It is common that whenever the budget is going to be read, people anticipate some tax increase announced by the government on goods and services. Sometimes, some unscrupulous businesses take advantage of this situation to raise prices of goods even when the budget has not yet been implemented.
In case of taxes, the businesses always increase prices of commodities by huge margins, a burden that is always borne by consumers. This would in effect mean that they do not pay taxes in away as they would have been cushioned by those big commodity price increases.
A friend of mine amused me on the eve of the budget reading when he bought a number of items and stocked, arguing that prices were bound to be increased the next day. I wondered if the items would take him through even a month.

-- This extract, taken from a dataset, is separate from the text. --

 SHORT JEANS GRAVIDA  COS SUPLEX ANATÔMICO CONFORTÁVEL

Thus the question is if corporations simply transfer their income tax burden onto consumers, why should they be taxed income tax and not expenditure tax?
Many tax experts have scratched their heads, trying to find answers to such a question (on how to tax companies) with little success.

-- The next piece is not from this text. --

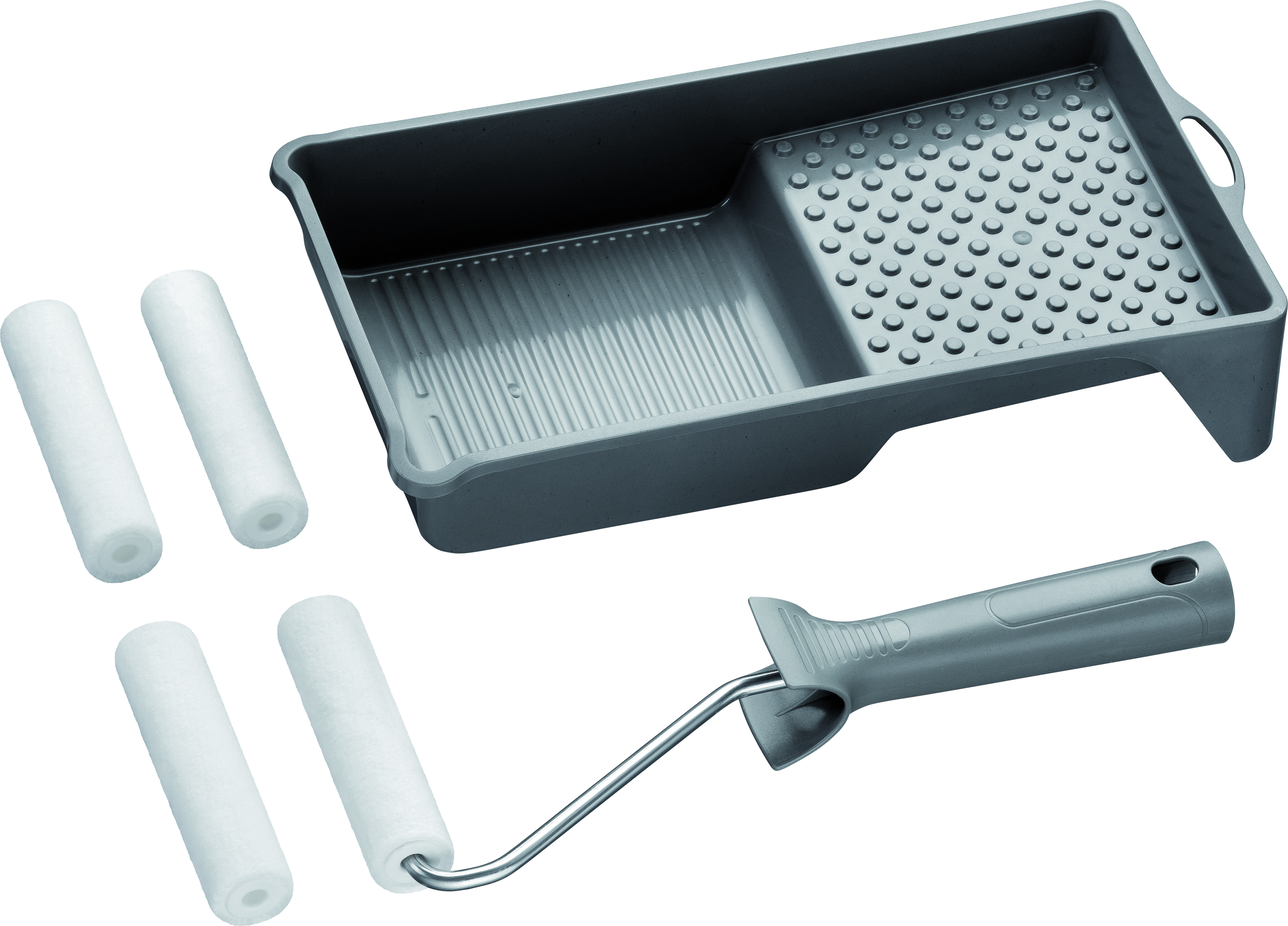 Set filtstar 4x rouleau de feutre 10cm + support et bac à peinture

The classic theory of taxation has been that since corporations are separate legal entities from the shareholders, companies should pay taxes separate from the shareholders. Therefore, it pays tax before paying shareholders a dividend. Remember, the shareholders, too, are required by law to pay income tax on the dividend.
The main challenge to this classical theory has been that it leads to double taxation as the same source of income is taxed twice; one at the corporate level and then at the shareholder level.
Therefore, an ideal taxation regime would have been a situation where corporate firms are not taxed, with the shareholders bearing the burden of taxation because they are the ones that enjoy the benefits of the company business called ring fencing as any money, which is still in the company coffers is not taxed.
Economists realised that companies sometimes do not pay shareholders a dividend. If they are not taxed, then a lot of revenue would be lost. Thus this total integration theory has been found to be radical and, thus, not followed.
The method of taxation that has been followed throughout the world, besides the classical theory, is the partial integration theory. Here both the company and shareholders share the tax burden. Where the company has been taxed, the shareholder is given some tax credit, and will pay lower tax.
In the all the systems outline above, companies have always been getting their way to dodge or pay minimal taxes. They either increase the price of their goods or reduce salary of workers or value of their shares. The question is what if governments changed the strategy and started taxing only the expenditure of the corporate firms.
One obvious advantage will be that it generate fairness in taxation because the tax paid will be proportional to the money spend by companies. Consumers will less likely be burdened with price increases. There is already a move across the world to reduce corporate income tax, which means that in the long-run income tax will not be a major source of tax.
However, it is difficult to monitor company expenditure, some shareholders do not spend their money in the country in which they reside and there is capital gained on acquired machines.
So, thorough research needs to be done on the expenditure patterns of the company impact of abolishing income tax. For instance, accounting procedures will need to be change to focus on taxation of company expenditure instead of the income. What should remain taxed is the capital gains tax. Foreign companies will also pay the income tax.
Once income tax for corporate is successfully removed and replaced with expenditure tax, the same idea can be extended to the individuals.
Some may argue that tax is the main source of revenue for governments and that if income tax is abolished, governments may lose billions of money. The opposite may also be true. Once people‘s income is not taxed, they will have more money at their disposal to spend.
Research and experience show that it is easier to spend money than to keep it. Therefore, government will easily get its (expenditure) tax. If one does not want to spend the money, he will save it in the bank. The bank will lend it to other entrepreneurs to spur investment in the country.